21/12/15 – Zoviet France – Mort Aux Vaches: Feedback – 1998

Album Of The Day

Zoviet France

What I love about Dark Ambient music is that it can take all day to unravel as if it’s leaving the speakers in slow motion, spreading like mist, settling as a ghostly wisp, covering the peaks of your senses like a low cloud. A seventy-five minute set on slow release can have you transfixed for hours, massaging your neurons, removing you from the present, out from your body, detaching you from the place you are stationed and transporting you to another reality altogether. In the case of Zoviet France one wonders how to describe this music to other people, how to expose people to it. But it feels uncomfortable to offer an accessible commentary to their brooding, revealing their secrets under the floorboards. Should we commercialise the darkness? Are they like Blade Runner, a scripted fantasy underworld? Is it just entertainment?

What I do know is that Zoviet France don’t make themselves available to us to explain. They also don’t exist purely as a concept and they do need tools to  create their epic, sonic triumphs and they probably need people to bother with their creations as a catalyst for invention. But it’s their insistence on not insisting that you listen to them, or follow them to find out who they are – that’s what makes me approach their music on their terms. Having succumbed to it without any prompting, hype, influence or even information, I decided that I should best blindly follow them into their nightmares, allow them the grace of knowing that they have my attention. Treat them as if you were getting into a strangers car – with trepidation and a certain buzz of nervous excitement, let them drive you silently into the forest. We owe it to them to listen to them like this, after all it’s us that have gone to them not the other way around.

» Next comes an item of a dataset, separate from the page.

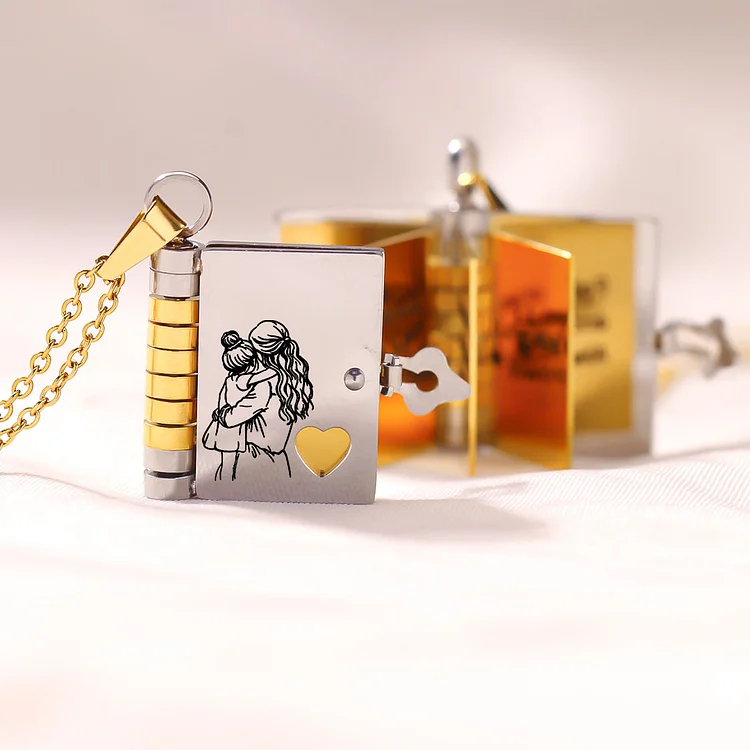 For Unbiological Daughter - Love You Always & Forever Book Necklace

Formed in Newcastle in 1982 Zoviet France have courted anonymity in its brightest form, there’s not much to know about them because it’s not of interest. We do actually know that Ben Ponton and Mark Warren are the current members, other members have come and gone leaving this core duo to not wave the flag for their music – we wouldn’t really know if there were others behind the scenes or not and we don’t particularly care what they look like, in fact to know might distort our image of them as shining Industrial, Ambient trailblazers.

Mort Aux Vaches (Death To Cows) from 1998 is one of approximately 30 albums, most of which are not available (you’ve got to be quick with this slow music). It’s something of a chiller and whether we should interpret the title literally for that dark fantasy movie S/track of the same name or let them bend the meaning till it has no meaning at all is hard to determine. Or do we simply wade through the marshes of their minds, unleash ourselves into the madness of their imaginations. Or perhaps they are only the vessels for you to explore your own dark tunnels, providing you with a S/track to a personal haunted inner landscape? It’s actually all up to us, they play no part in the aftermath of their creations.

Nothing grows in this music except creativity itself. There’s no blade of grass or soft breeze, nothing in primary colours, only withered arms in rags, an inevitable torture of the soul – it’s a horror movie for the ears. But it’s beautifully realized and such skill at evoking and captivating visual processions of the dead or the stink of a dank forgotten prison on a distant planet has you cheering for inspiration itself as it finds triumph in darkness and illumination.